The second, more challenging part of the journey—organizational transformation—began in 2001.

“In the process of strategic transformation, we had a challenge: We were in a diversity of businesses from coffee to cat food to instant formula to ice cream, and even eye care,” he said. “In each of these businesses, you have competitors that tend to be very focused and very nimble and flexible. Some competitors are global, some are regional and local. Each one ... formidable.”

The challenge for Nestlé was to ensure that its size would not become a hindrance to its growth.

“We had a fundamental choice,” Nandkishore said. “[We had] big scale which could be used for efficiency and low cost modeling, which is one paradigm—the Dell computer paradigm. That works. But then, someone came and said what you need to do to stay relevant is to be the Apple, which is, you need to innovate.

“The question was: Are you going to be the Dell or are you going to be the Apple?” he said. “[Brabeck] basically said we would like to be both.”

To do this, Nestlé broke up the organization to create business units which will function like individual companies. It will be their job to be the innovators, the “transformators,” in the mold of the iconic Apple Computer Inc.


Sizing down

“We’ll break it up from being a supertanker to being a flotilla of small, agile ships with a mother refueling ship whose job it is to have the lowest cost,” Nandkishore explained, using another metaphor. “So you leverage scale and you free these guys to be nimble and agile.”

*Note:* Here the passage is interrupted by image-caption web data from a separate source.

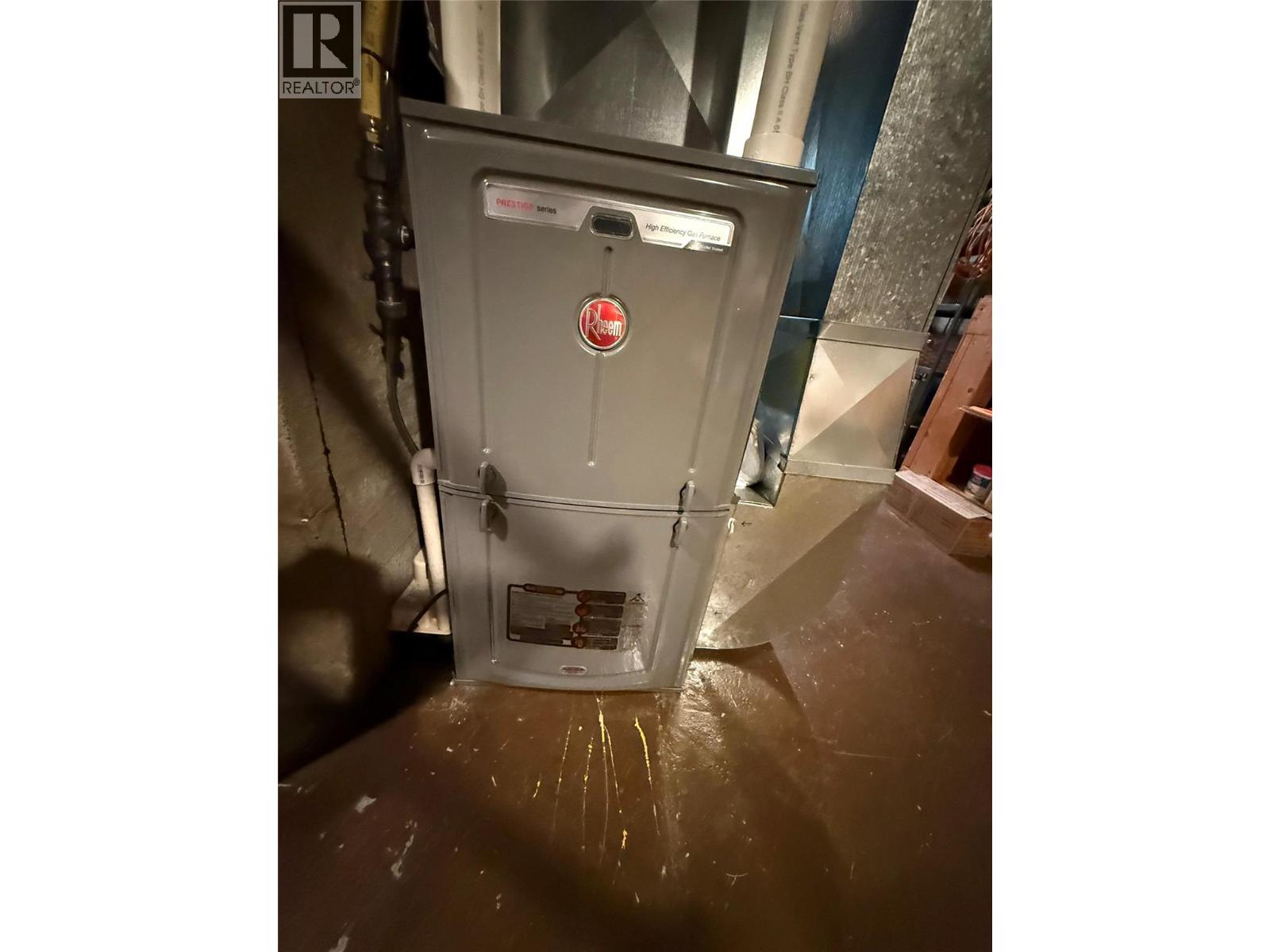 790 CARLYLE Street, Warfield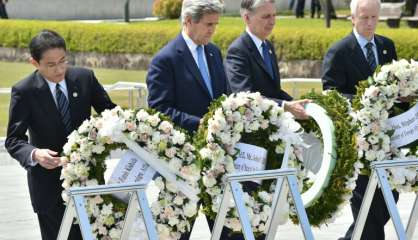 Hiroshima: hommage sans précédent de Kerry et ses homologues du G7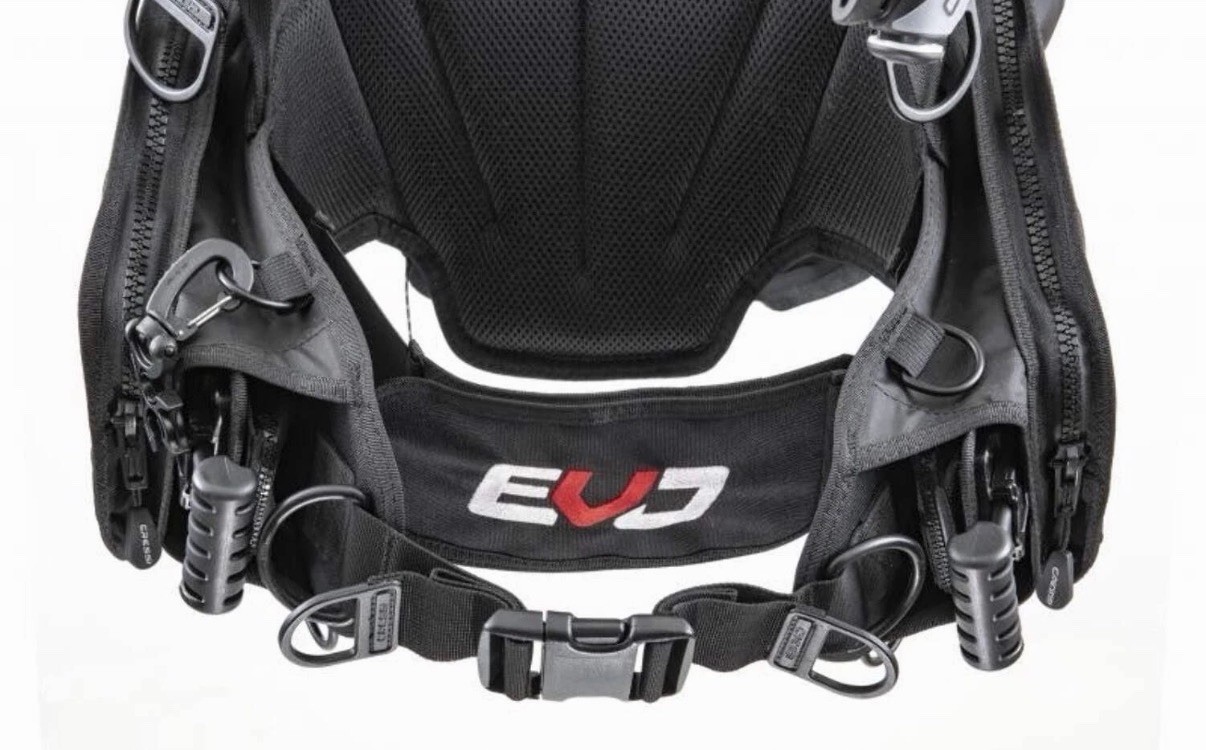 Cressi Commander Evolution BCD Small (new without tags)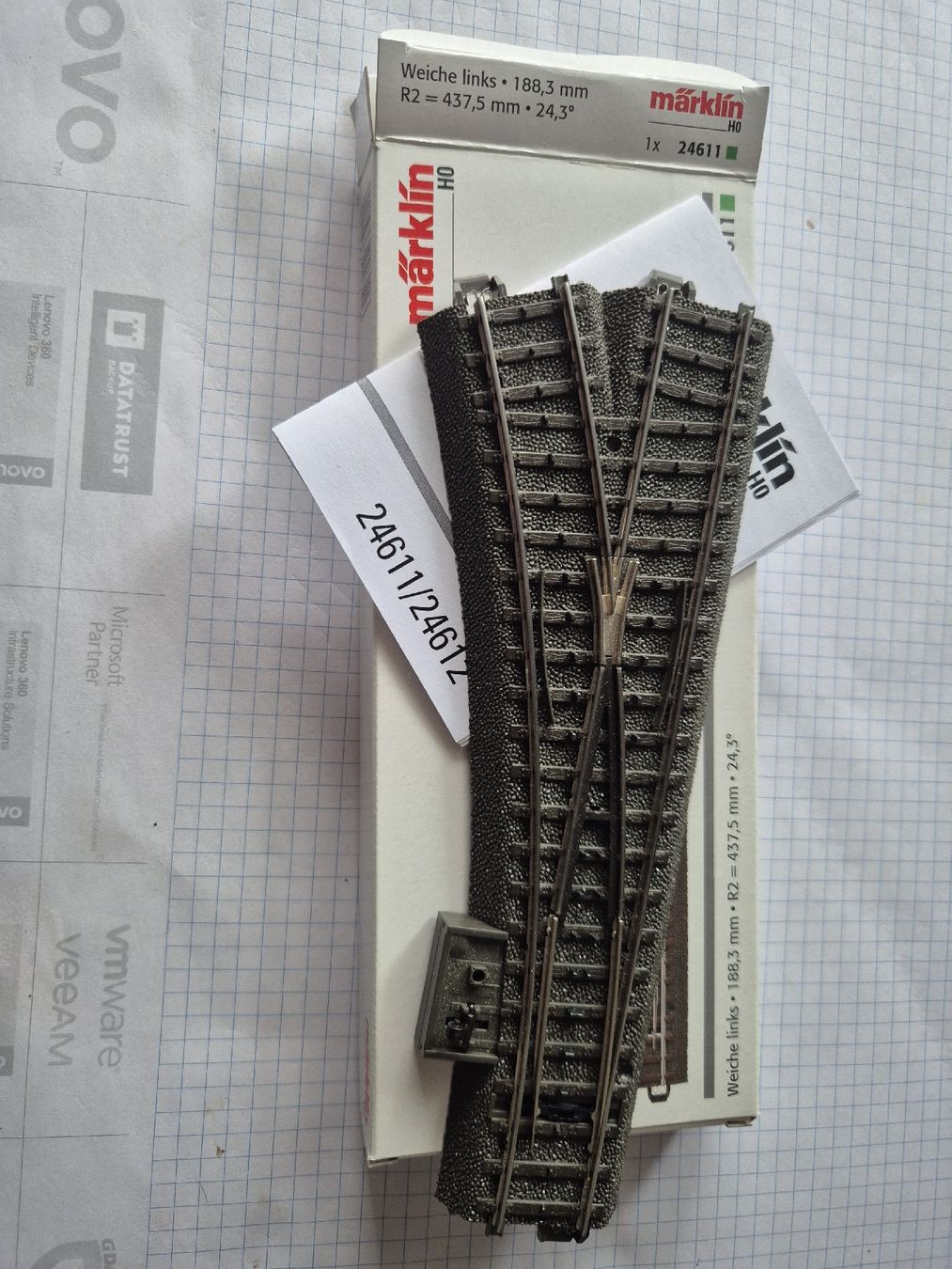Märklin Modellini di ferrovie: Märklin Weiche links R2 – Nuovo e nell'imballaggio originale da Rain venduto da motoguzzi55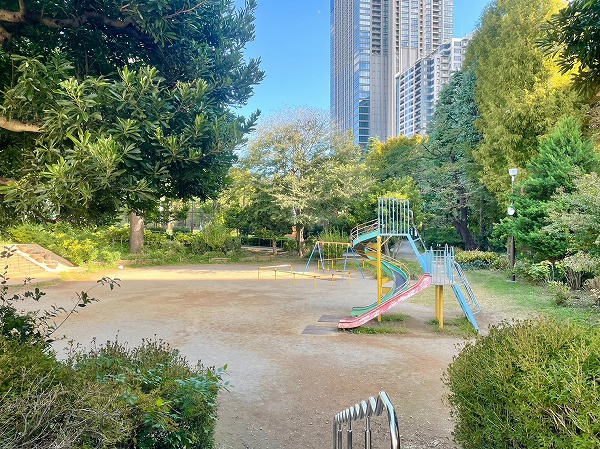 西戸山タワーホウムズセントラルタワー 敷地内公園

“When I came here in 2003, the company had already started on this journey,” he said. “What I did was, I went out and preached to everybody Brabeck’s vision [on] why we need to change and how we need to change.”

The new thrust was welcomed by the majority.

“I found that people were very willing to embrace the change,” he said. “I find that Filipinos are very eager to embrace change.”

The result is a revitalized Nestlé Philippines today.

“We have a hundred years of history in the Philippines. That’s a hundred years of momentum. For someone like me, the first thing you realize when you come in is that you owe a huge debt to the generations who came ahead of you—the people who built the company to what it is today.”